The fluorescence of molecules is not only characterised by the emission spectrum, it also has a characteristic lifetime. Any energy transfer between an excited molecule and its environment changes this fluorescence lifetime in a predictable way. Since the lifetime does not depend on the concentration of the chromophore, fluorescence lifetime imaging is a direct approach to all effects that involve energy transfer. Typical examples are the mapping of cell parameters such as pH, ion concentrations or oxygen saturation by fluorescence quenching, or FRET between different chromophores in the cell. Furthermore, combined intensity- lifetime imaging is a powerful tool to distinguish between different fluorescence markers in multi-stained samples and between different natural fluorophores themselves. These components often have ill-defined fluorescence spectra but are clearly distinguished by their fluorescence lifetime.
Thanks to these characteristics, the Fluorescence Lifetime Imaging (FLIM) has become a new powerful tool to investigate molecular interactions, reactions and energy transfer including in cells and subcellular structures. These effects cause changes in the fluorescence quantum efficiency and thus in the fluorescence lifetime. Since the fluorescence lifetime does not depend on the unknown dye concentration it is a direct measure for the quantum efficiency. It therefore gives a more direct access to the investigated effects than the fluorescence intensity. Furthermore, the fluorescence lifetime can be used to separate the fluorescence of different luminophores in the cells if the components cannot be distinguished by their fluorescence spectra. Recording time-resolved fluorescence images is achieved by combining the Laser Scanning Microscope with pulsed laser excitation and a new Time-Correlated Single Photon Counting (TCSPC) Imaging technique introduced by Becker and Hickl.
4.4 Fluorescence correlation spectroscopy
In fluorescence correlation spectroscopy (FCS) the fluctuations of fluorescently labelled molecules are used to deduce quantities such as concentrations, interactions, binding strength, diffusions etc. All these quantities are measured by observing molecules in the focal volume of 0.3 x 1.5 um size. (in the volume of less than 1 fl), and has similar dimensions as a single E.coli bacteria. FCS evaluates the temporal behaviour of the fluorescence fluctuations and it evaluates the correlation. The amplitude of the correlation is inversely proportional to the number of particles in the confocal volume. In practice this means the ability to measure minute concentrations of molecules, down to single molecules under physiological conditions. FCS makes it possible to distinguish slowly diffusing from fast diffusing particles. In solutions large molecules move more slowly and molecules of different sizes may be distinguished without any separation procedures.

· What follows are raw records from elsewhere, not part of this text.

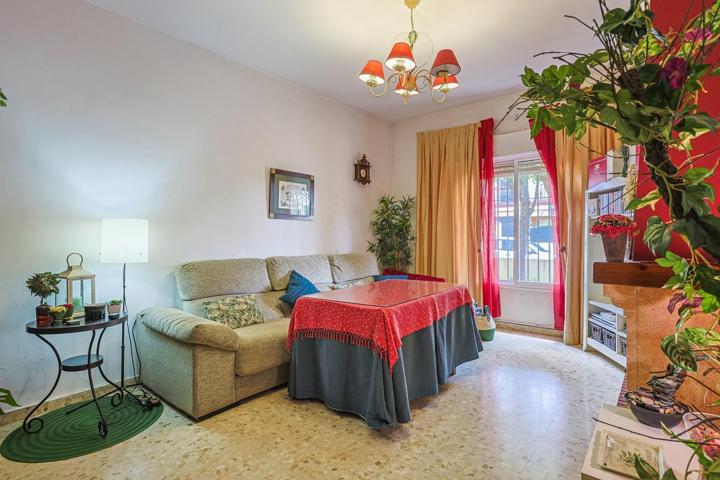 Unifamiliar Pareada En venta en Centro, Mairena Del Aljarafe photo 0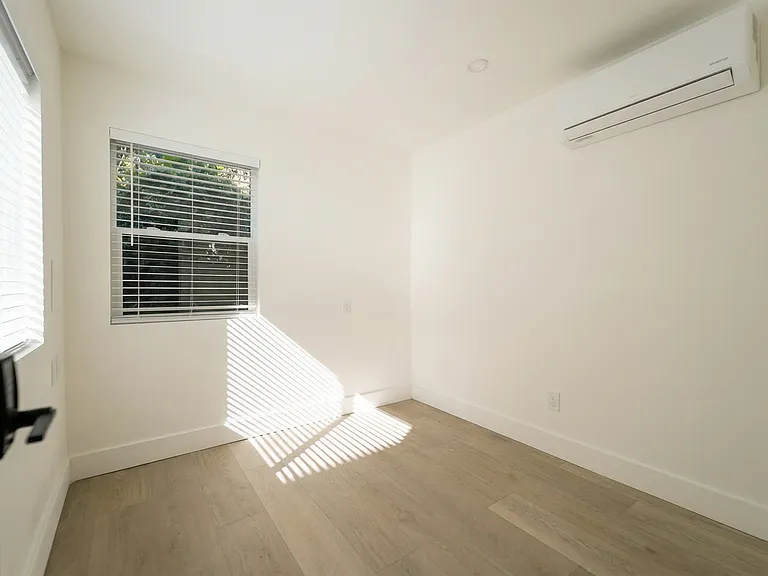 1803 Oxford St — Photo 70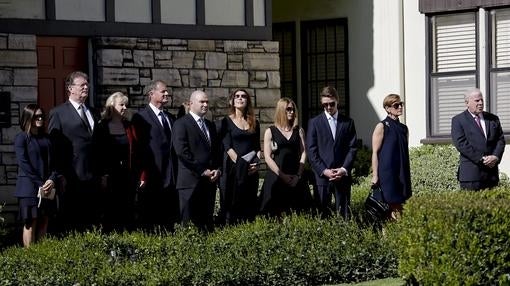 La familia de Nancy Reagan a la entrada de su domicilios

FCS facilitates efficient analysis of molecular interactions, including determinations of binding constants and kinetic examinations. Issues such as binding between ligands and receptors on the living cells, processes on membranes can be addressed as well.
The proposed instrument will thus mark out a new frontier in spectroscopic instrumentation and will represent a significant enhancement of present diagnostic capabilities. In summary, the proposed system will present the latest in the state-of-the-art in microscopy and diagnostics, with a broad range of applications across all sciences.